TOC General Assembly 2017 Analysis

Sierra Maciorowski
TOC General Assembly 2017 Analysis

Author’s note: some text on the graphs is very small--zoom is recommended for successful interpretation.


Every year, the Parliamentary Debate Tournament of Champions holds the General Assembly, a forum designed to allow competitors to discuss the state of Parliamentary Debate and air grievances about both the tournament and the activity. Much of the 2017 General Assembly revolved around discussing the bylaws needed to make POI a registered not-for-profit with a governing board and legislature. A recording will be provided. Additionally, most students present took a survey designed to discern attitudes about various aspects of Parli, including preferred tournaments, community issues, and the ability of TOC/POI to serve the community.
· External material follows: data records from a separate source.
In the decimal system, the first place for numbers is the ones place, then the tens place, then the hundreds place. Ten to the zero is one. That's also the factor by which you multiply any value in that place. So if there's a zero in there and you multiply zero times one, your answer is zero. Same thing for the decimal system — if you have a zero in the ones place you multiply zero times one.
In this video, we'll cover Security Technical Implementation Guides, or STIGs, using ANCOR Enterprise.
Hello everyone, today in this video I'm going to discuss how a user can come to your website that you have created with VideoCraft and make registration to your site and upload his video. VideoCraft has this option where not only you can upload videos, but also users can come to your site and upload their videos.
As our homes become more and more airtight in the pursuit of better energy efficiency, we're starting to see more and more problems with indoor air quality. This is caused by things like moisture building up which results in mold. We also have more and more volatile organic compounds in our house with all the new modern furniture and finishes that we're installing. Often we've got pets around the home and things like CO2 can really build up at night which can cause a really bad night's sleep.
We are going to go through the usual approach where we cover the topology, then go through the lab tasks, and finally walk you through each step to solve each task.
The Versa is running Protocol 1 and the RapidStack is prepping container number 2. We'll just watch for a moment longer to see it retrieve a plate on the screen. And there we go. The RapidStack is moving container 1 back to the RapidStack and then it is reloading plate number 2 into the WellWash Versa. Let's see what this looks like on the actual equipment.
Results are summarized here.

TOC Demographics

This year’s TOC was one of the most regionally unbalanced since the event’s early years, despite hosting competitors from Oregon, California, and the East Coast. Over 80% of the field came from Northern California and 15 of the 33 entries were from the top three ranked schools (Campolindo, Los Altos, and Evergreen). Women comprised 27% of the competitive field and exactly a quarter of debaters breaking, similar to the 2016 TOC. Although many students at the TOC will not compete next year because they are graduating, no student responded they were quitting the activity because they no longer wanted to participate.

Most students read the draft of the bylaws provided, and most approved of the document with few or no edits. No students fundamentally disagreed with the goals of any section of the bylaws. The Transition Committee is working on comments to clarify language about how proxies are assigned, online representation for meetings, the makeup of the judiciary, and how to treat schools without a formal coach. We plan to release another draft of the bylaws for ratification in the coming month.
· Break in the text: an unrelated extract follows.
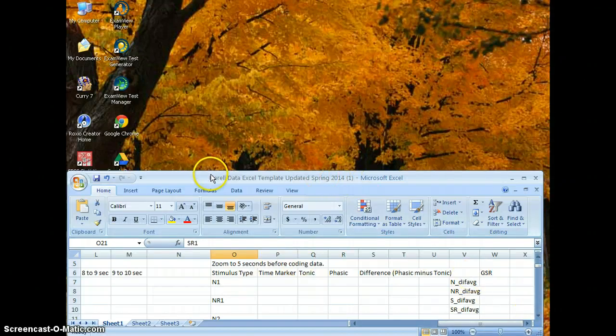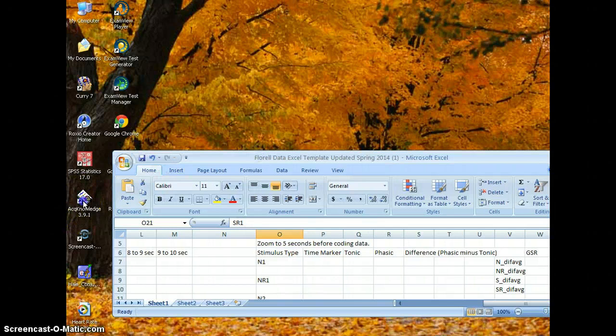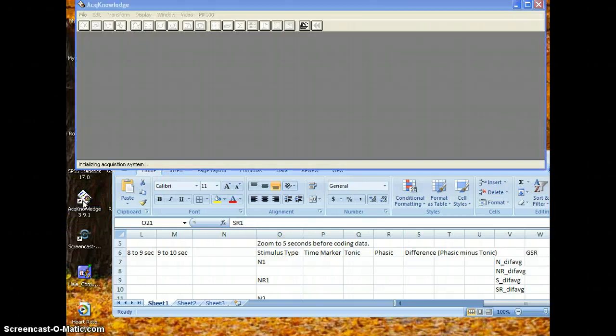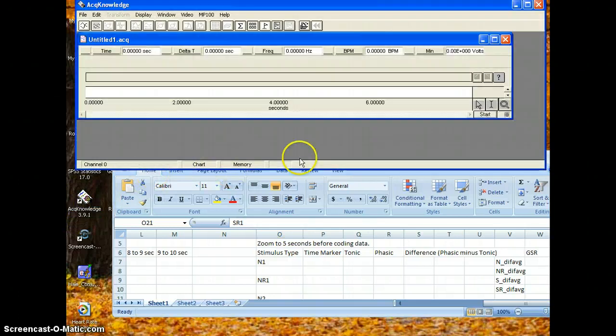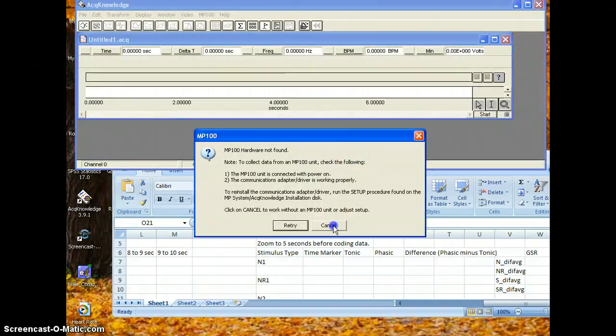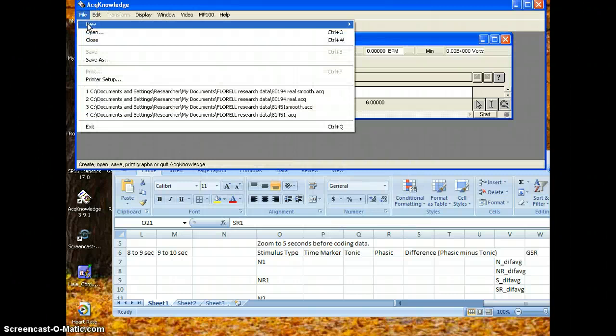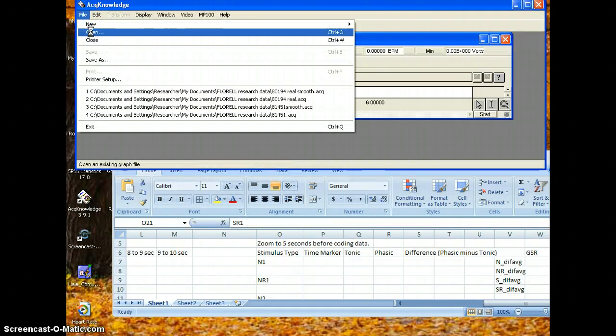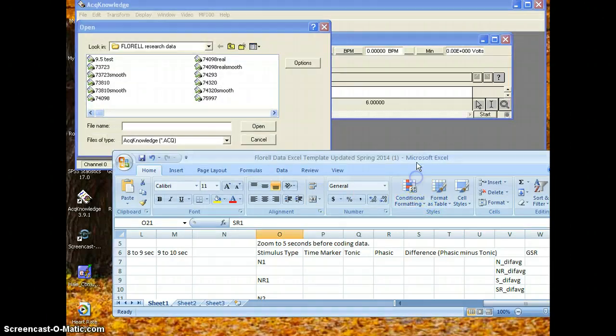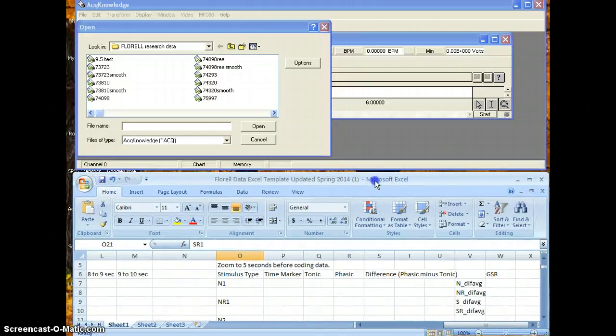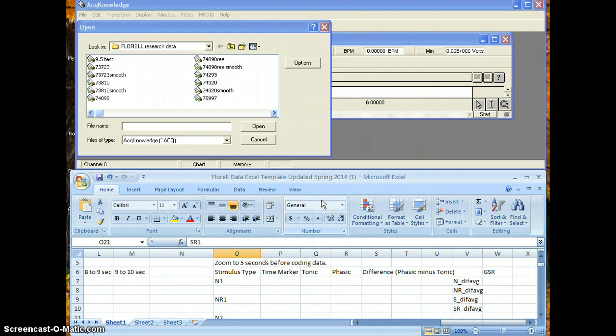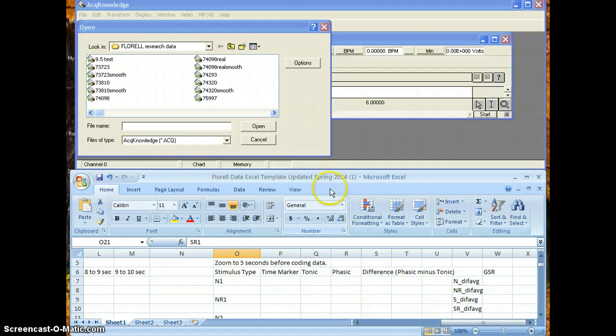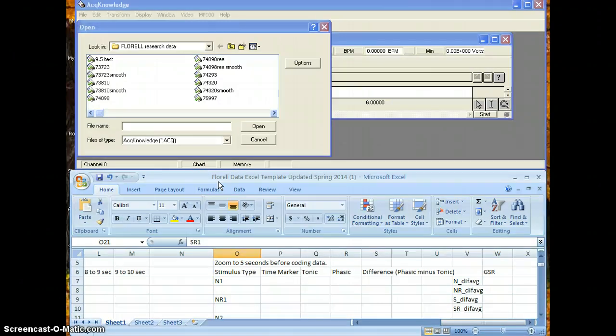So then we need to open the AcKnowledge program and then click cancel. We need to go to File and Open. Now what's really important is that you make sure normally when you're really analyzing GSR, this will not be entitled Floral Data Excel Template Updated Spring 2014. This will be a participant number and it will say smooth.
The top tournament of the season, with 36% of respondents saying it was the best tournament of the year, was NPDI, hosted by Parliamentary Debate at Berkeley.The controversial tournament hosted by the Debate Society of Berkeley (unaffiliated with the hosts of NPDI) was the most disliked tournament. No other tournaments received more than one or two mentions for this question. This marks a dramatic shift from 2016, where strong distaste was expressed for state qualifying tournaments.

Student enthusiasm for different types of tournaments remained relatively flat compared to last year. Among TOC attendees, league tournaments are still the least preferred, while travel and local circuit tournaments are the most preferred.

Students were asked specific questions about things tournaments could do to improve the tournament experience. The majority are in favor of announcing tournament staff and protest rules before the tournament, with no students saying this would harm their experience. Over half are also in favor of community forums. Students are relatively neutral on the use of prep rooms for parli but are strongly conflicted on issues of team and coach prep. Although POI did not ask students to identify themselves as coming from large or small schools, we suspect that the favorability of team and coach prep would be split along these lines. Nearly 90% of students say e-balloting improves their tournament experience.

Students also offered freeform feedback for tournament directors on how to improve the tournament experience. Many students discussed team prep, coach prep, and Kritiks in this section, but the responses were mixed. Below are some quoted excerpts about points of agreement, edited for clarity:

  • “Fee reductions for teams that have to travel” or “for small schools,” or just lower fees overall
  • “Encourage disclosure” both between teams and from judges after the round
  • Centralize “access to information and maps”
  • “Clarify protest procedures” and “have a committee or designated person available for harassment issues” (equity officer) who is “open and understanding”
  • “Stop allowing schools to clutter the judging pool with no-name entries” 
  • “Continue to have forums to discuss issues”
  • Allow students to have “more opportunity for topic feedback”


In a freeform response section, respondents were asked to say what they thought POI did well and what they thought it could do better. Each response was coded into the approximate areas in the net approval/disapproval chart, and “needs improvement” responses were subtracted from “does well” responses. The four major areas for improvement recognized by students were issues with equity and inclusion, online teaching resources, judge training, and cost of paid resources and events such as camps and TOC. When asked what issues students wanted POI to concentrate on for the coming year, students highlighted similar issues, with the top two goals being training videos and materials and judge training. The majority of students were pleased with POI’s current projects, with greater than 95% of respondents saying that rankings and the TOC were valuable to them. These two projects were also had the highest net approval ratings (TOC tied with reporting).

Debaters generally agree that POI should promote a parli wiki where discussion can occur, resources can be posted, and case disclosures can be made. They are in favor of increasing judge strikes and having topic areas for at least some rounds. They overwhelmingly disagree with restrictions on prep materials. They are split on questions of disclosure, where just over half think that use of fiat (or not) should be disclosed before round and generic positions should be disclosed before tournaments. Favorability of disclosure of generic positions is up from last year, while favorability of fiat disclosure is slightly down. Students generally approve of having rounds open to spectators.